Antibiotik sulfonamide terkait dengan enam jenis cacat lahir, sedangkan nitrofurantoins terkait pada
empat jenis cacat. Dua jenis antibiotik ini berisiko paling banyak menghasilkan cacat lahir dibanding
antibiotik lain yang risiko cacat lahirnya hanya 1 jenis. Cacat lahir itu antara lain ketidak normalan
jantung yang dikenal dengan (hypoplastic left heart syndrome). Penggunaan sulfonamides akan
meningkatkan risiko cacat tersebut hingga 4 kali lipat.
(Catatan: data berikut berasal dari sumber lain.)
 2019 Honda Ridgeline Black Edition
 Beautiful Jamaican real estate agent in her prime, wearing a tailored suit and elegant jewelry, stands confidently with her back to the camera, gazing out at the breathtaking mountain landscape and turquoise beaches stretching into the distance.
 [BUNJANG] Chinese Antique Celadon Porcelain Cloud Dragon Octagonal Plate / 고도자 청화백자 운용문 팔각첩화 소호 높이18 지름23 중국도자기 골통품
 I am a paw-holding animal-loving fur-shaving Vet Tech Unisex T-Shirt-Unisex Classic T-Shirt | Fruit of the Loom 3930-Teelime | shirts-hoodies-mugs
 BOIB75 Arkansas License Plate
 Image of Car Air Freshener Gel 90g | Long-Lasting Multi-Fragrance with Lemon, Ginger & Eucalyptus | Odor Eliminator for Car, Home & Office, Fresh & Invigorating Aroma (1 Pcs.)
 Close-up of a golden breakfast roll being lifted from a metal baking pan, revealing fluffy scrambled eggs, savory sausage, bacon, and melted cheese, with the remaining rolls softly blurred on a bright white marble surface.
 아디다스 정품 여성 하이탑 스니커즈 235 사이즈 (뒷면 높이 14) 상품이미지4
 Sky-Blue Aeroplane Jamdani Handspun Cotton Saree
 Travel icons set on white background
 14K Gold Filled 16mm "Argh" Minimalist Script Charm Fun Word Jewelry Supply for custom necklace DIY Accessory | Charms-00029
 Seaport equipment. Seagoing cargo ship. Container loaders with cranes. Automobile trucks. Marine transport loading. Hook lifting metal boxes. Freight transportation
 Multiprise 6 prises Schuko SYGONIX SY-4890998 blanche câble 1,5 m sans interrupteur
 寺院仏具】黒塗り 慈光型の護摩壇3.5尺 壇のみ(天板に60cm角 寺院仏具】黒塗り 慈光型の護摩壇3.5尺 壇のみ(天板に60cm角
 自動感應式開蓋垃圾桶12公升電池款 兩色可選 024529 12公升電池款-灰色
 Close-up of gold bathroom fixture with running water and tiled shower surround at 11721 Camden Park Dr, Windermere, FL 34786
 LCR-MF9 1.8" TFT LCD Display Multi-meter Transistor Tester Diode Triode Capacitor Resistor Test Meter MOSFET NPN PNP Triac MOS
Terjadi pada 1 dari 42.000 kelahiran.

Studi ini dimuat dalam Archives of Pediatrics & Adolescent Medicine dan diharapkan menjadi panduan
para tenaga kesehatan dan ibu hamil untuk menggunakan antibiotik yang lebih aman.

Ada kalanya, ibu hamil yang mengalami infeksi memerlukan penggunaan antibiotik sebagai pilihan obat.
Sebagian antibiotik pada semua fase kehamilan aman dikonsumsi, sebagian lagi dikontraindikasikan
pada fase tertentu, dan ada juga yang dikontraindikasikan untuk semua fase kehamilan.
BAB III

PENUTUP

3.1. Kesimpulan

Kemajuan bidang kesehatan diikuti dengan kemunculan obat-obat antibiotik yang baru menambah
tantangan untuk mengusai terapi medikamentosa ini. Antibiotik tidak hanya dari satu jenis saja.
Beberapa senyawa-senyawa yang berbeda dan berlainan ternyata mempunyai kemampuan dalam
membunuh mikroba.

Penisilin merupakan obat-obatan yang paling umum digunakan selama kehamilan.Selain itu ada juga
obat yang aman bagi ibu hamil yaitu : Amoxicillin, Ampicillin,Clindamycin, Erythromycin.

3.2. Saran

Diharapkan kepada para pembaca agar dalam pembuatan tugas selanjutnya dapat lebih baik lagi karena
kami akui masih banyak kekurangan dalam penyusunan makalah ini.